**** Records supplied

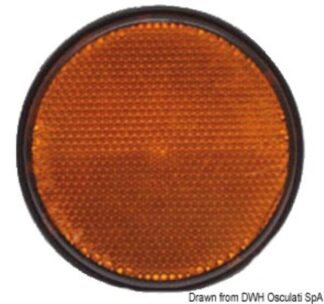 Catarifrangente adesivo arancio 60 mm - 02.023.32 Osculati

********
**** Records supplied

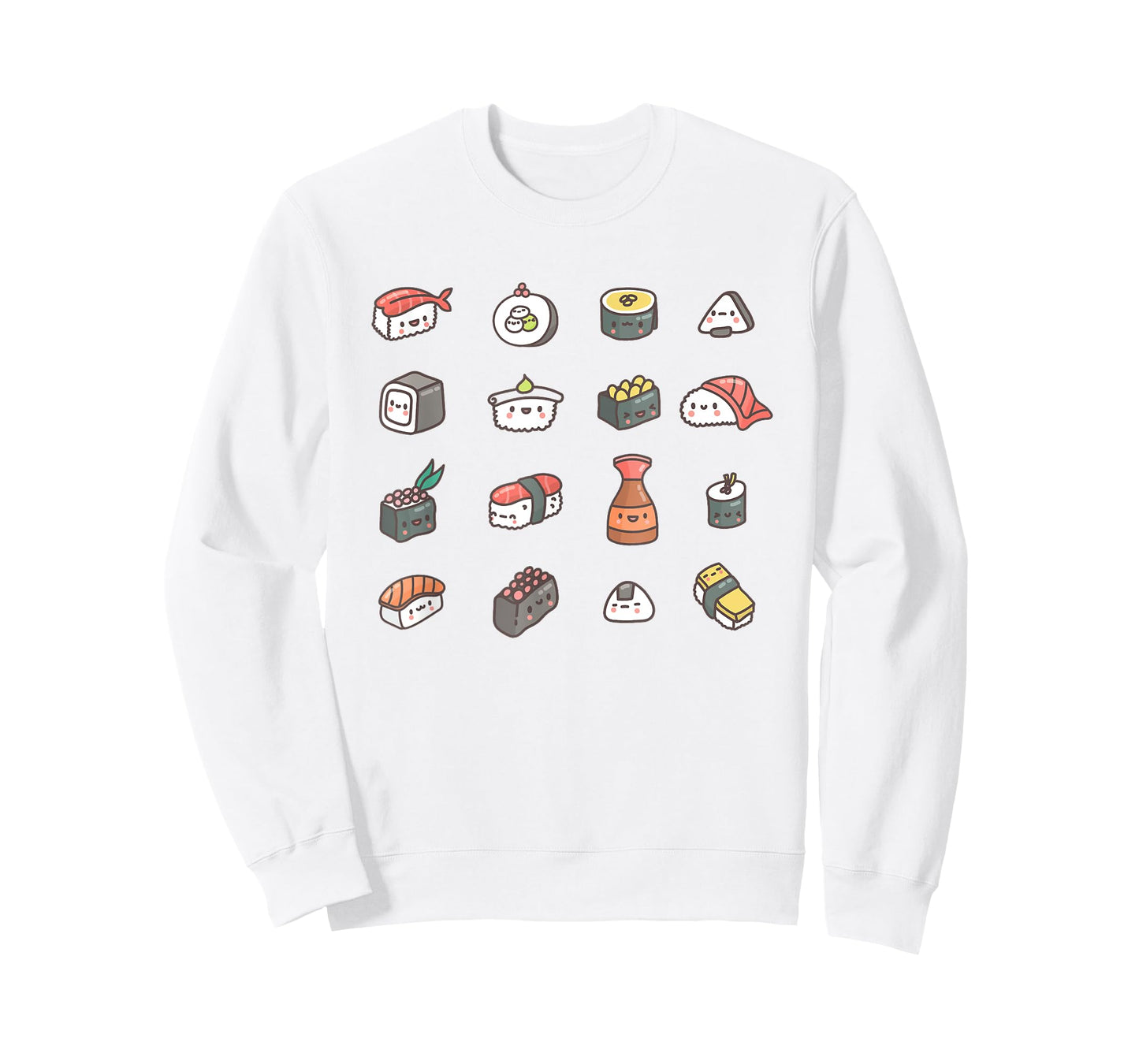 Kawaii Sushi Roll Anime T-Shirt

********
**** Records supplied

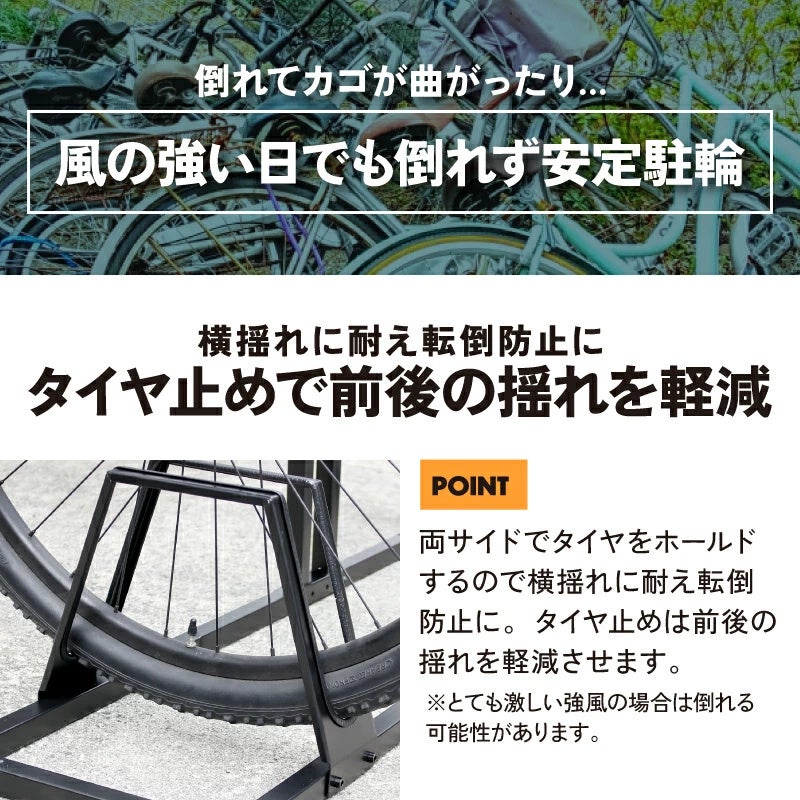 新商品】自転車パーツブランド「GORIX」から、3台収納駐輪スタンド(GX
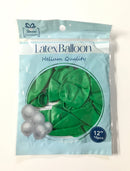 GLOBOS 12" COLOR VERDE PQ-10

********

**Task item**
Pictures in the material above should be skipped; print exactly the lines from the one with "新商品】自転車パーツブランド「GORIX」から、3台収納駐輪スタンド(GX" through the one with "COLOR VERDE PQ-10".

**Answer area**
 新商品】自転車パーツブランド「GORIX」から、3台収納駐輪スタンド(GX
 GLOBOS 12" COLOR VERDE PQ-10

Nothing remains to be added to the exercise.